Please write out every line of the material, leaving out any picture.

→ Given records

⁂

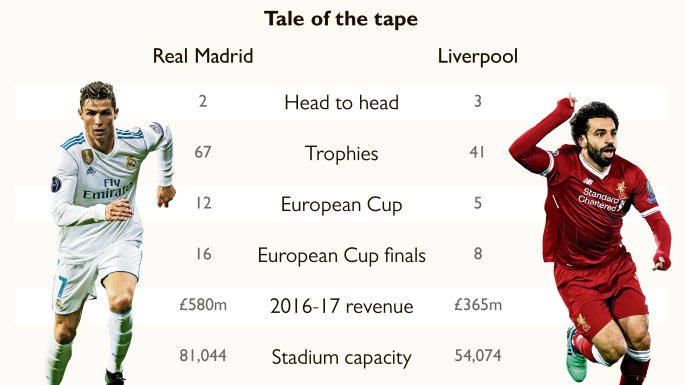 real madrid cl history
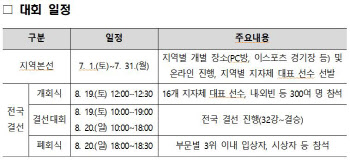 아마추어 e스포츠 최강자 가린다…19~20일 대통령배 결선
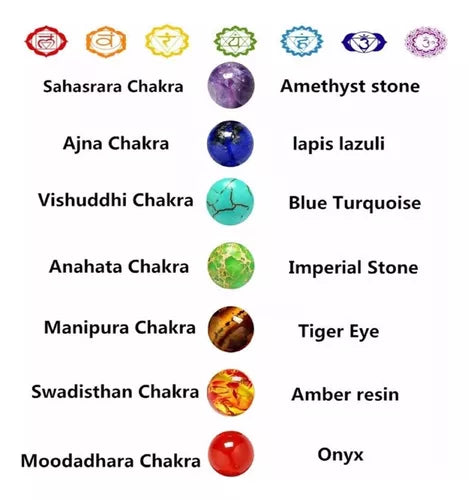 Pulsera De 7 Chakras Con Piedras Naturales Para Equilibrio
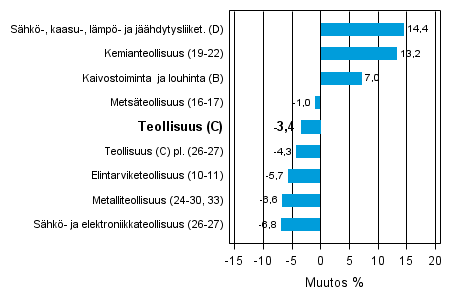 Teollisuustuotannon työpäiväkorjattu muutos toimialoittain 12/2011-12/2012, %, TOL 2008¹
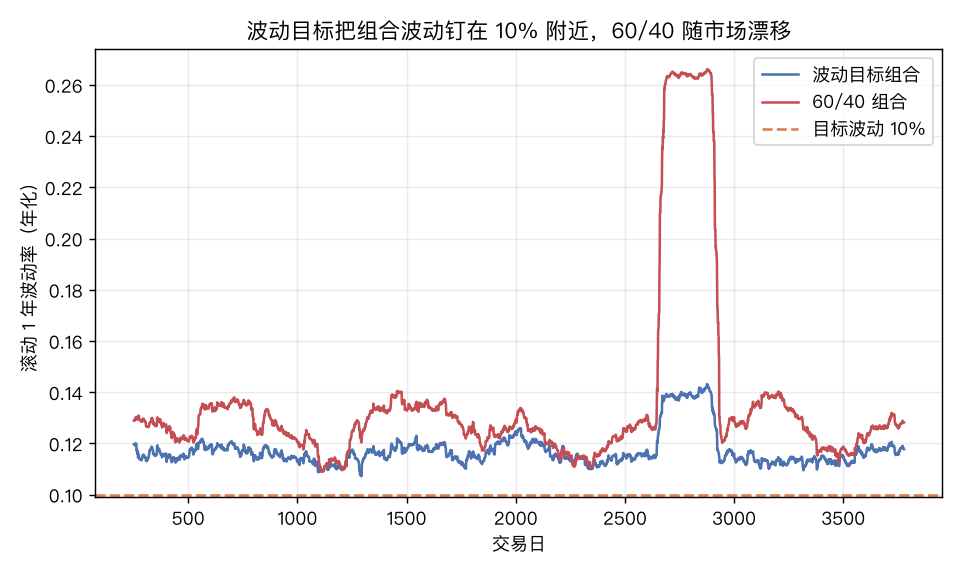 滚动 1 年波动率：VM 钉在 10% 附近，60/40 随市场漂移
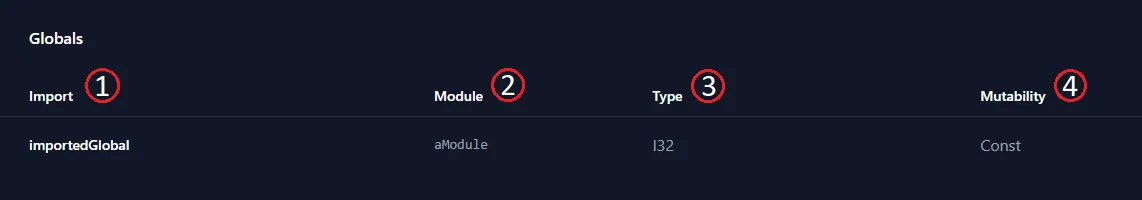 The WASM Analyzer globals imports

⁂

→ Solution for this problem
 real madrid cl history
 아마추어 e스포츠 최강자 가린다…19~20일 대통령배 결선
 Pulsera De 7 Chakras Con Piedras Naturales Para Equilibrio
 Teollisuustuotannon työpäiväkorjattu muutos toimialoittain 12/2011-12/2012, %, TOL 2008¹
 滚动 1 年波动率：VM 钉在 10% 附近，60/40 随市场漂移
 The WASM Analyzer globals imports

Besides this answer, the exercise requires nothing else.